Sunday, January 20, 2019

Senegalese literature and film

We watched this film the other day after a seminar on "Islam in Senegalese literature and Film", led by our seminar director, Professor Mbaye Cham of Howard University. It was amazing, heartbreaking, uplifting. I could not find the whole film with English subtitles but will post whole thing in French and the a short clip with subtitles.

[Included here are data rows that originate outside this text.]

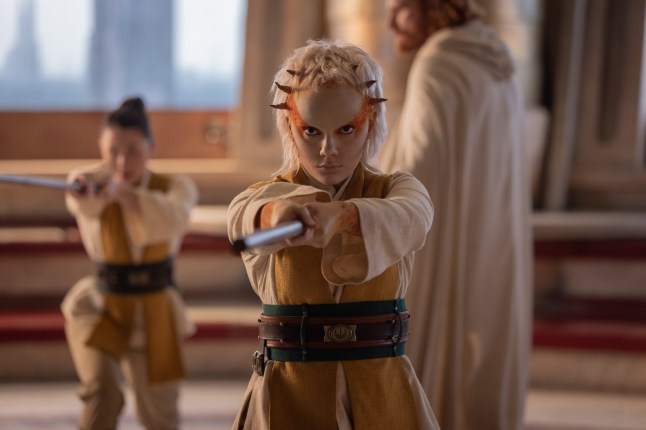 (Center to right): Jedi Padawan Jecki Lon??(Dafne Keen) and Master Lakshay (Paul Bullion) in Lucasfilm's THE ACOLYTE, exclusively on Disney+. ??2024 Lucasfilm Ltd. & TM. All Rights Reserved.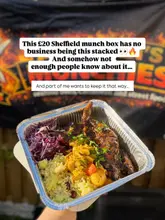 A casual, handheld shot of a Caribbean takeaway meal in a foil container, held in front of a branded banner. The image is clearly intended for social media promotion, focusing on the portion size and the 'munch box' concept.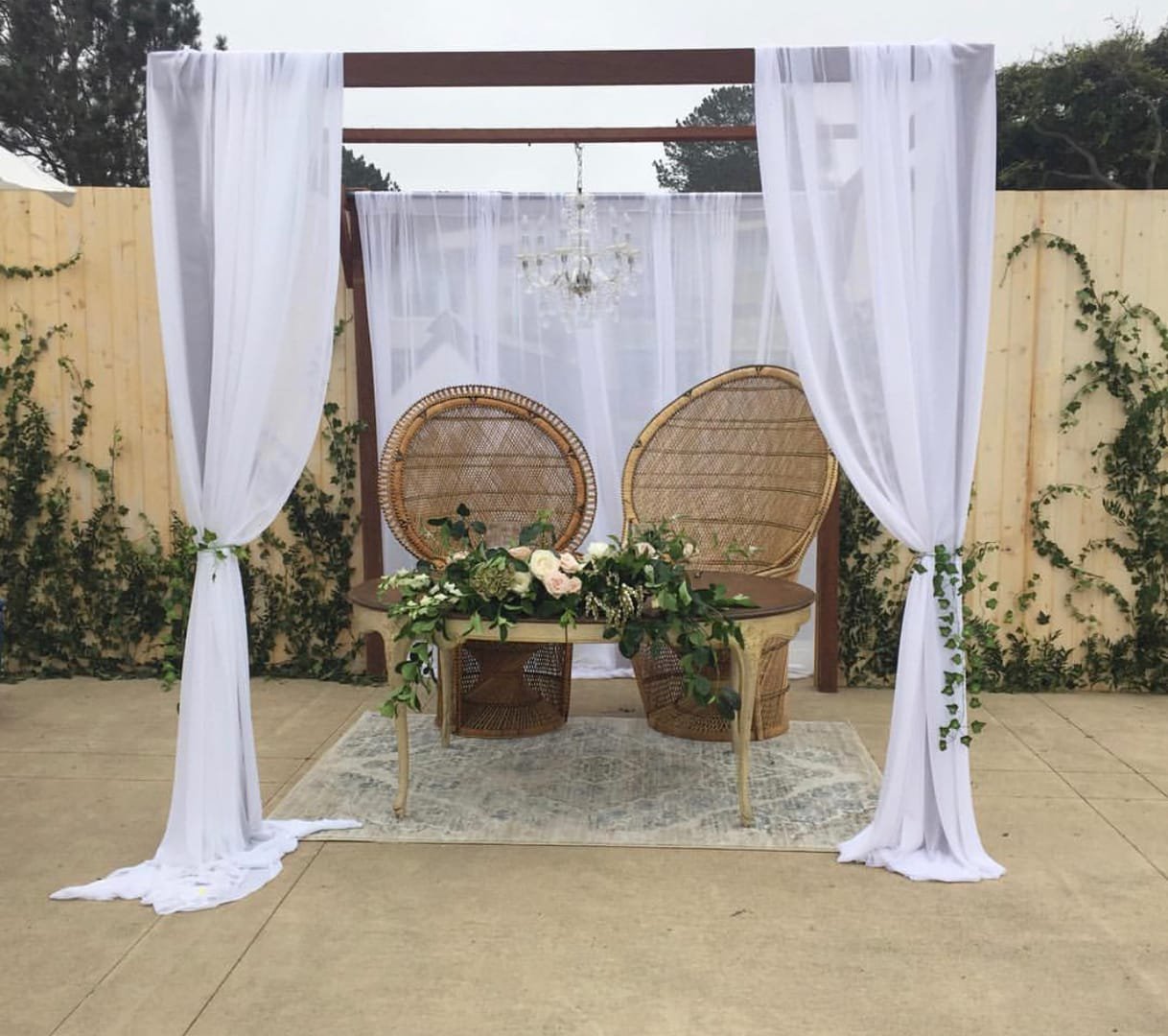 Peacock Chair: A white wicker peacock chair with a high, arched back that gives it a throne-like look, available plain white or with gold trim on the backrest.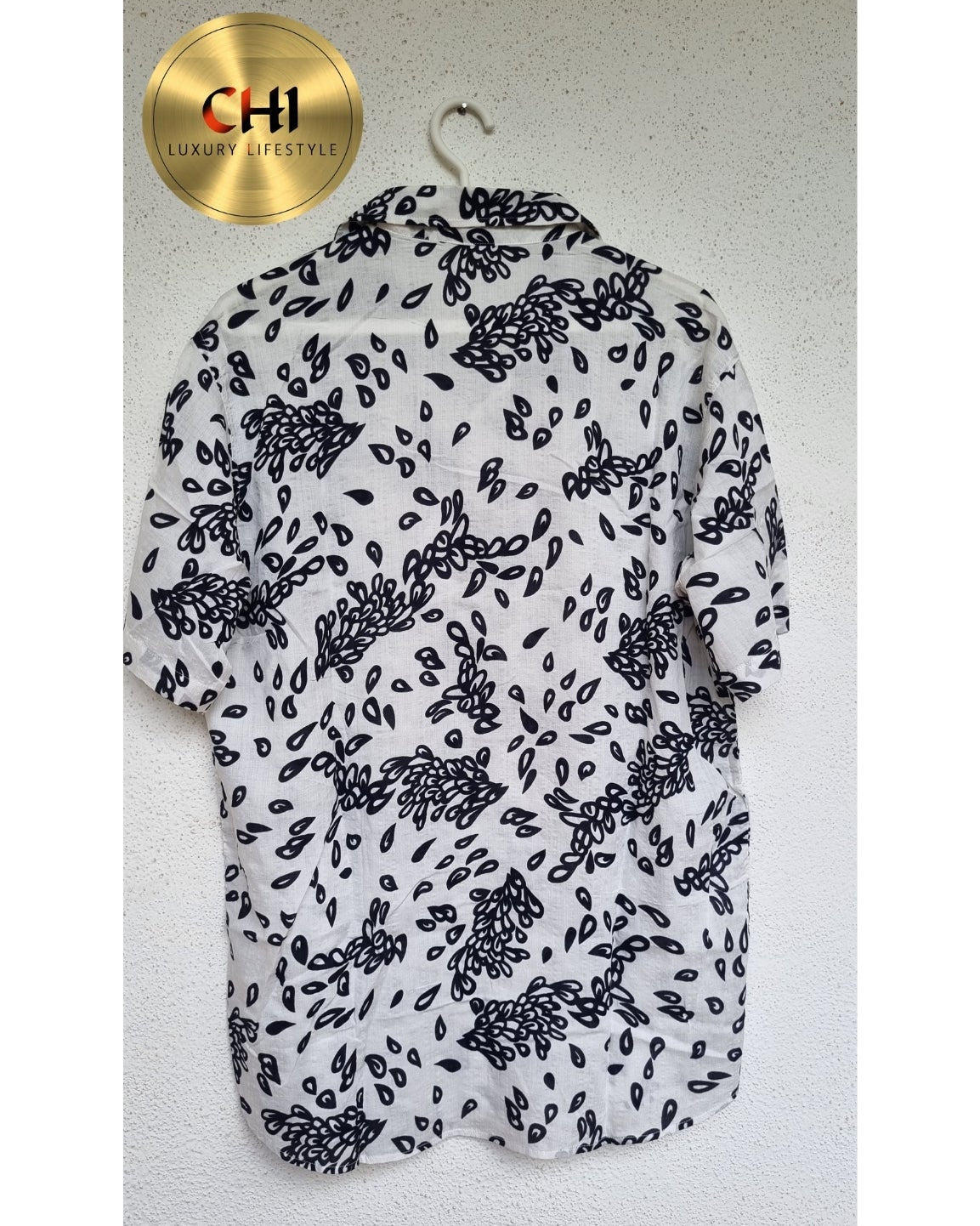 White blouse with black floral pattern on a hanger against a light gray background, with 'CHI' brand logo.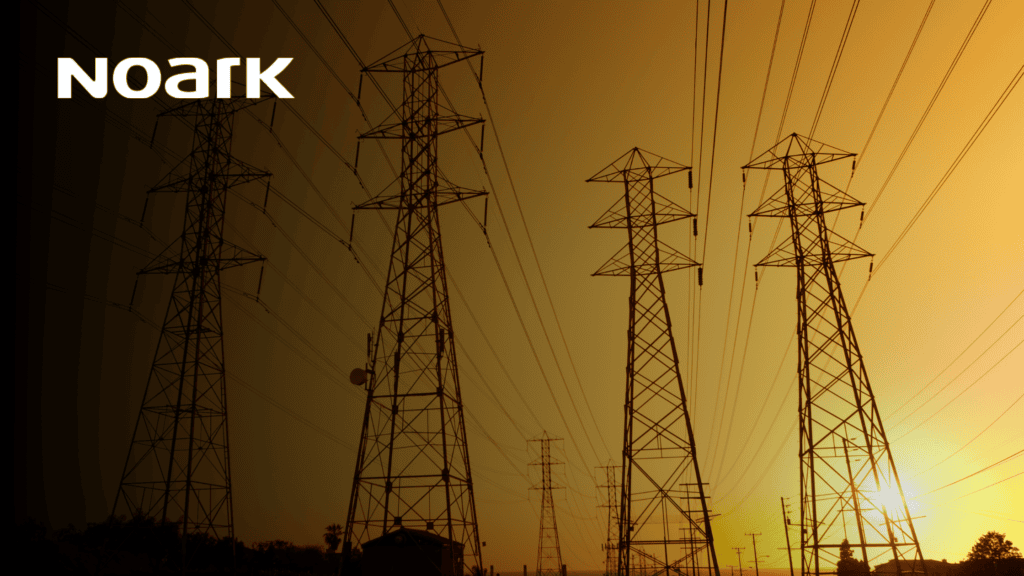Against the vibrant orange sky at sunset, power lines and towers stretch into the horizon. The word "Noark" adorns the top left corner, subtly highlighting the importance of disconnect switches in ensuring seamless energy flow and safety.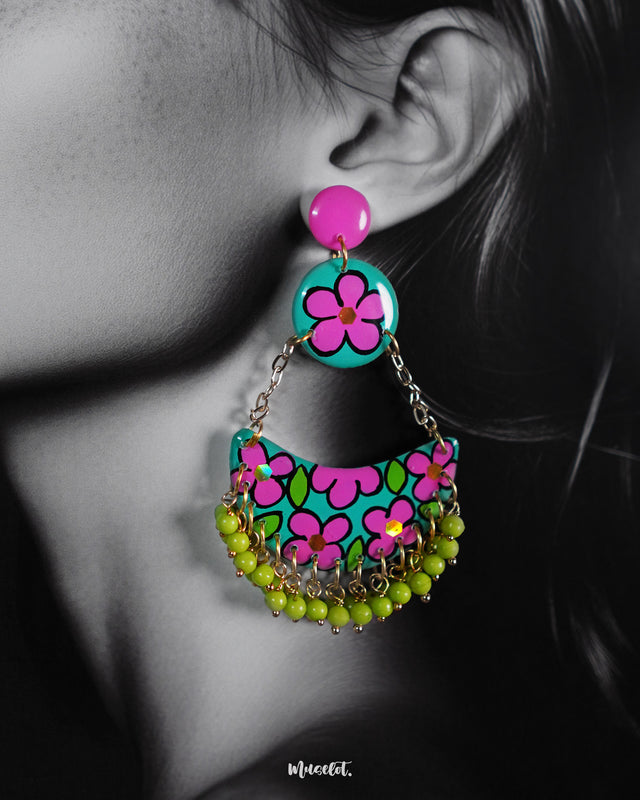 A close-up of a woman wearing Gulbahaar floral earrings, showcasing the vivid teal and magenta hand-painted flowers paired with dangling lime green beads, highlighting their vibrant charm and handmade artistry — Muselot.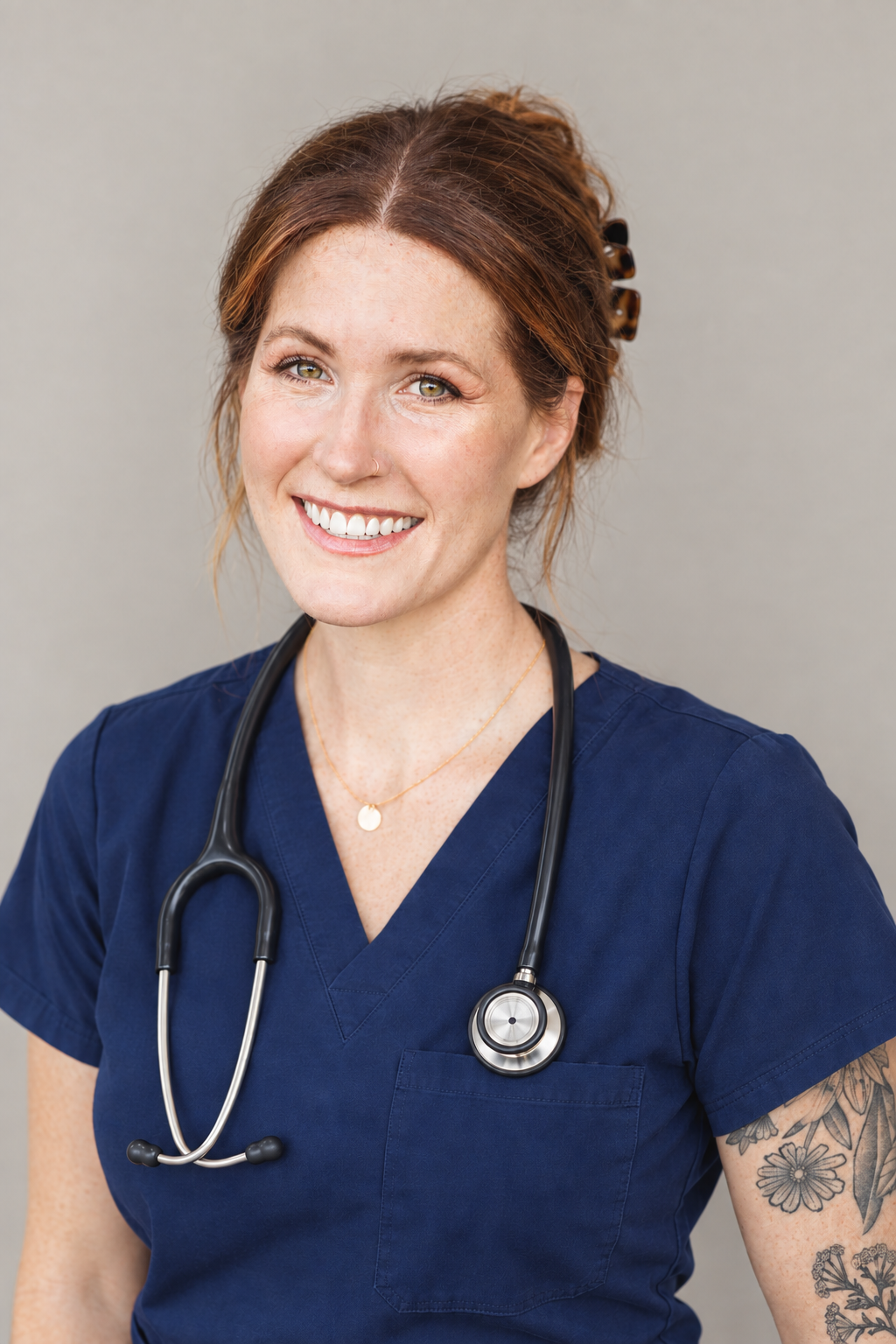A smiling female healthcare professional with red hair, wearing navy scrubs and a stethoscope around her neck, standing against a plain gray background.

People with physical and mental disabilities endure lives we cannot imagine in a number of places I've traveled. Here in Senegal their seems to be underfunded efforts to assist them in participating in society but you see them struggling daily. Many eke out an existence panhandling. Whole troops of people in wheelchairs congregate on medians here in Dakar. People missing limbs are not numerous but they are here, breaking your heart a bit---I wonder often how this happened to them---what strange accident or difficult birth has befallen them? Little people are here too. I see what seems to be a mother and child near the hotel a few times. They are proud. They are beautiful in a way that I cannot describe here with words.
On the ferry home from Goree Island I am at the bow of the ship, photographing the port of Dakar as we come in. A young man crawls up to me on my bench. His legs are withered and of hardly any use to him but he manages to move, sit up, halfway stand. He tries to sell me some simple paintings on parchment that I don't really have a desire for...I say no for the hundredth time today it seems---Goree is a gauntlet of street sellers wearing you down---they are even on the boat. He tells me that his wheelchair is broken. I still say no, selfishly not wanting to get my wallet out in the throng---inviting perhaps even more unwanted interactions. He resignedly crawls away on the dusty, filthy deck. I am ashamed. As I exit, I look for him. He is propped up against the wall of the port, already hawking his wares. I quickly walk over and hand him almost $20 in Francs. Fix your chair I say. He thanks me. I do not recount this to engender your praise for my "generosity". But as I write this I have tears in my eyes. Sometimes the world seems a place beyond hopelessness and I feel powerless to change anything. I felt the same way in Russia one day as I watched a boy in a wheelchair trying to descend from a bus with atrociously inadequate disabled facilities---the driver trying to expedite his exit by closing door on him as he and his elderly mother tried to disembark. The faces on the bus impassive.....The cold there sapping my own healthy body of any will to continue on. I see it on my own campus sometimes as fellow students avert their eyes at someone without their own innocuous physical advantages---or who simply look different. Words escape me.